My day job is my studio called The POMP, located in Random Row Books. I call it a studio and print shop. I will have screen printing equipment and hopefully other stuff soon, but right now there’s a screen print station, a computer, lots of drawing and painting materials, and lots of other material with which I can make other objects.
What are you working on right now?
I’ve been working on masks for performance pieces. I just did an “endurance performance” piece on the Downtown Mall, entited “Grrr vol. 2.0.” I created a large, animal-like mask—some called it a pinecone, others thought it was an owl’s head—and I went shirtless with a mask and had a rowing machine that I retrofitted, so that it functioned as a fan. I set up a chair across from the fan and rowed for two hours on the Downtown Mall to provide some relief from the heat for pedestrians walking by.

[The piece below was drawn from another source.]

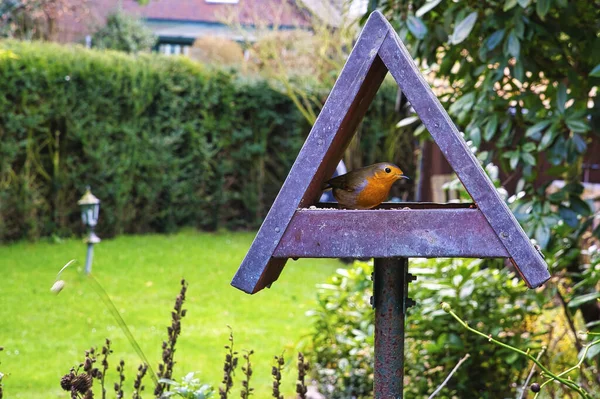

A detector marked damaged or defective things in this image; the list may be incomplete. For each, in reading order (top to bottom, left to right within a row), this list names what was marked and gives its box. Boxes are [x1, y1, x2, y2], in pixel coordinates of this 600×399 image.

rusty metal pole [372, 258, 410, 398]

I’m also preparing for a trip to New York, to meet with some more clients for my studio. I’m meeting with people from Penguin Books and also some independent book and arts consultant people. One is a woman from the Onassis Foundation, a cultural foundation that connects Greeks and Americans, sharing information for Americans interested in Greece, and Greeks interested in the United States. She’s interested in the prints I did for a book of The Iliad and The Odyssey, published by Chester River Press. I did 50 large illustrations for that.
What’s your favorite building?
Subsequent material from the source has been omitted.